The Burton Constable gun collection
William’s gun collection, which is on display in the museum, tells a particularly interesting story. Prior to the eighteenth century, the manufacture, supply and repair of firearms in East Yorkshire was primarily the province of the resident armourer and his staff at Hull garrison. Things changed however following the turbulence of the Civil War and the Restoration. Aristocrats, landowners and farmers increasingly sought to acquire firearms from local gunmakers, for both self-defence and sporting purposes. Even as late as 1780, one never knew when firearms might be needed (as a companion blog in this series demonstrates: see ‘The Gordon Riots and Hull’). However, as the country became more politically stable, the need for personal protection declined and the ownership of a fine gun cabinet became more a matter of personal prestige and conoisseurship.

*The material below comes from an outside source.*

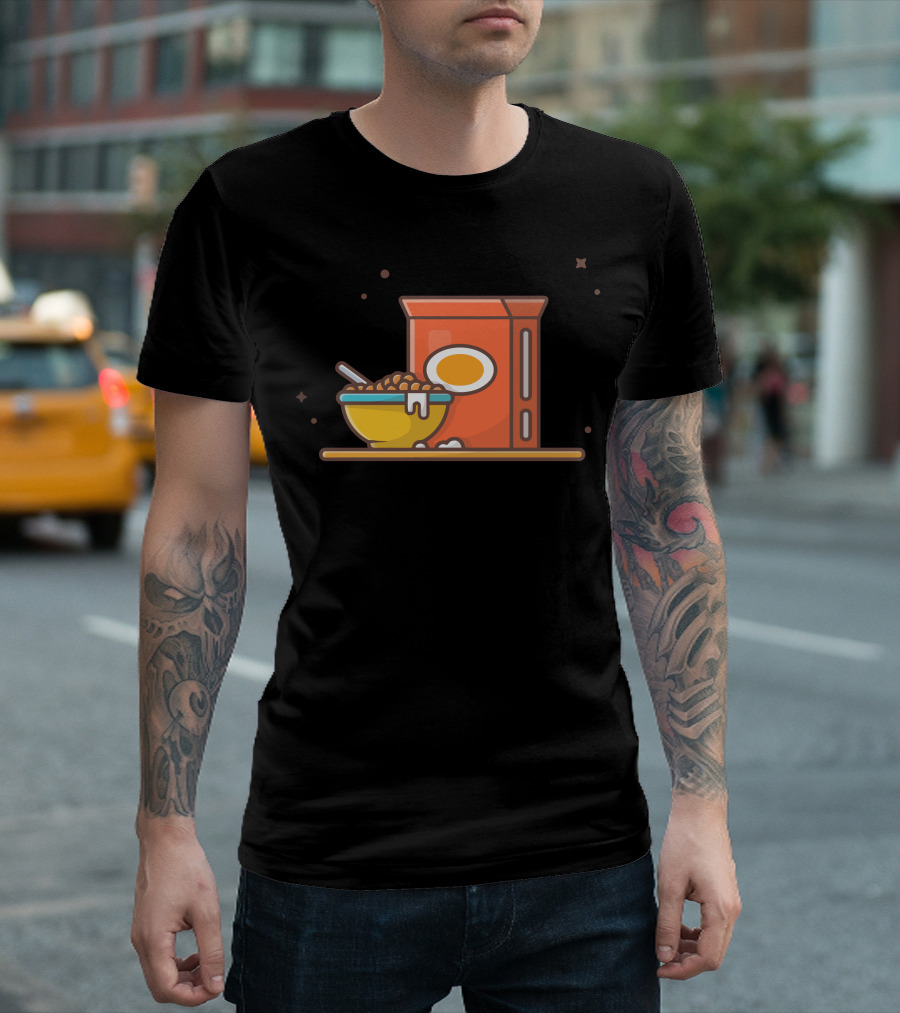 Breakfast Time Cereal And Bowl T-Shirt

William was no exception in this respect, and he set about gathering one of the country’s finest collections of some 34 firearms. Many came from from prestigious workshops in London, but others were made locally by Hull gunmakers such as Benjamin Burgess and George Wallis. The collection survived until 1952, when it was broken up and sent to London for sale. All was not lost, however, as the collector the late W. Keith Neal obtained possession of eighteen of twenty eight of the items dispersed. By such means, with the help of the National Lottery Fund and Leeds Royal Armouries, together with supporting evidence of purchase, repair and maintenance bills, the collection has survived as a single entity.